For the purpose of this example we will assume that temperature correction factors are applied correctly at 15° C and that orifice and pipe reference temperatures are configured correctly at 20° C (room temperature). The atmospheric pressure at this given location has been determined to be 91.350 kPa. Using a combination of the AGA 3 and 8 calculations we can determine the gas volume at this metering point to be 169.133 e3m3/day.

This is the correct volume for this meter, but let’s explore the effects of the two most commonly made mistakes when configuring a flow computer.

Mistake #1: Entering all atmospheric pressures as 93.08 kPa

In Directive 017 there are 7 example scenarios used to determine the accuracy of a flow computer’s calculation. In these examples the atmospheric pressure is always references as 93.08 kPa. Often times when reviewing a flow computer’s configuration this is the value found entered. While this isn’t a valid excuse for a technician entering this value, you can understand where they came up with it. On the plus side, at least they are looking at the regulations.

Mistake #2: Leaving atmospheric pressure at default of 101.325 kPa

Flow computers are manufactured under laboratory conditions where the atmosphere and temperature are regulated to base conditions. Many flow computers come from the factory still configured to base conditions. If a technician is unaware that the atmospheric pressure needs to be changed in the configuration it may remain at this value for quite some time.

So what is the effect of these two mistakes?

The table below shows the effects on volume between the original example and the two incorrect atmospheric pressure configurations.

table 2

At first glance it doesn’t seem like a lot. 0.093% difference per day seems pretty marginal, and is well within the acceptable accuracy range of the performance evaluations mentioned above in the ‘Mistake #1’ scenario.
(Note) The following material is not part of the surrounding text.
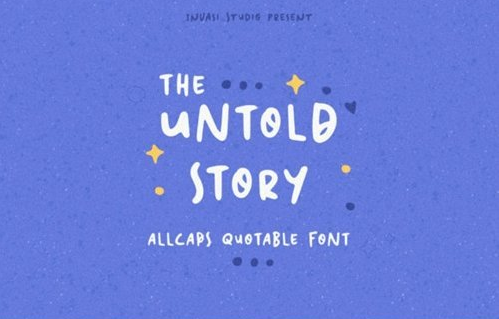 The Untold Story Font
From a meter technician’s point of view this really seems like a dead issue. But what if we were to start associating dollar amounts to this value?

Let’s assume a spot price of $3.62 / mmBtu. The table below outlines the financial difference on a daily basis and also per year.

table 3

Assigning a dollar amount to this makes it seem slightly more significant, but as some of you may have already noticed; 1) this is an error in the meter operator’s favor, 2) it is still only 0.158% of the total ~$21,750.00 per day going through this meter. For the unethical producer out there it might be a consideration to purposefully not fix this error. In the event that this were to come to light in a measurement audit, the payout would be fairly painless for the operator.

Example Two:

The second illustration is taken from a coal bed methane well, feeding into the meter from example one. The flowing parameters and meter information are listed below:

table 4

Again, for the purpose of this example we will assume that temperature correction factors are applied correctly at 15° C and that orifice and pipe reference temperatures are configured correctly at 20° C (room temperature). To help illustrate the effects of incorrect atmospheric pressure correction on a lower pressure well we will again assume the atmospheric pressure at this location to be 91.350 kPa. Using the AGA 3 and 8 calculations we can determine the gas volume at this metering point to be 2.183 e3m3/day.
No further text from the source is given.